В легенде о флейтисте приведена точная дата трагедии, здесь же у нас есть имя. На роль жадного прелата претендуют два Гаттона, и оба жили в стародавнюю пору. Гаттон I (850–913), архиепископ Майнца и аббат нескольких монастырей, испортил отношения с любимым в народе императором Генрихом Птицеловом. По свидетельству саксонского хрониста Видукинда Корвейского (925–980), архиепископ собирался извести Генриха колдовством с помощью золотой цепочки, но был вовремя разоблачен [488]. Поговаривали о смерти Гаттона I от удара молнии или от нападения мышей, но сам Видукинд свысока отзывался о "народной молве". Гаттон II (? -970) тоже возглавлял кафедру Майнца и ряд монастырей, но сведения о его жизни крайне скудны. Тем не менее некоторые версии легенды датируют изложенные в ней события годом смерти Гаттона II.
Немецкий юрист, историк и богослов Иоганн Вольф (1537–1600) рассказал о Гаттоне в своей книге "Памятные уроки" (1600), сославшись при этом на Гонория Августодунского (1080–1156), Мариана Скота (1028–1083) и Тритемия (1462–1516), в уцелевших записях которых "мышиная" легенда отсутствует. "Многие считают эту историю сказкой, — писал Вольф, — но башня, получившая свое название от мышей, и по сей день стоит на реке Рейн" [489].

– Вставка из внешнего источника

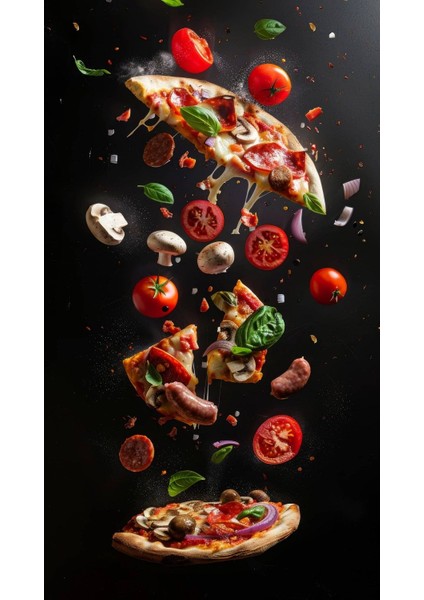 Pizza Fast Food V2 Ev Duvar Salon Güzellik Salonu Ofis Dükkan Dekarasyon Kanvas Tablo fiyatları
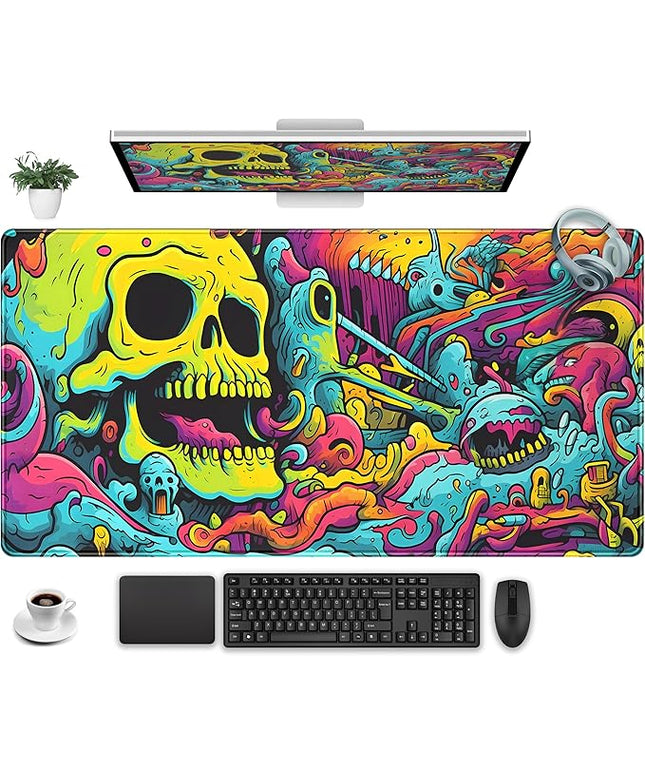 Gaming Desk Mat Skull Desk Pad Extended Mouse Pad XXL, Cool Mouse and Keyboard Mat Big Desktop Mats for Desk, Laptop Mat with Non-Slip Base & Stitched Edges, Office Decor for Men 31.5" x 15.7"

Историк имел в виду так называемую Мышиную башню (Mauseturm), стоящую на острове рядом с городом Бингеном. Но она была возведена только в XIII в. как дозорный пункт замка Эренфельс, в котором осуществлялся сбор торговых пошлин для электората Майнца. Имя башни, скорее всего, с мышами не связано, оно происходит от древневерхненемецкого musen — "скрываться, озираться" или muta — "сигнал". В XVII в. башня была разрушена шведами и французами и восстановлена в 1855 г., так что Брентано она вдохновлять не могла.
В народной памяти сохранилось немало грешных попов. Легенда могла иметь отношение к истории Видерольфа, епископа Страсбургского, которую рассказал немецкий хронист Якоб фон Кенигсхофен (1346–1420). По его словам, 17 июля 997 г. епископ понес Божию кару за то, что уничтожил монастырь Зельцен на Рейне: его съели мыши и крысы. На самом деле Страсбургскую епархию возглавлял не Видерольф, а Вилдерольд, умерший 4 июля 999 г. По другим источникам, смерть от мышиных зубов постигла Адольфа, епископа Кельнского, умершего в 1112 г. Однако первым архиепископом Кельна, носившим имя Адольф, был Адольф I фон Альтена (1157–1220), а в 1112 г. Кельнскую епархию возглавлял Фредерик I (1075–1131).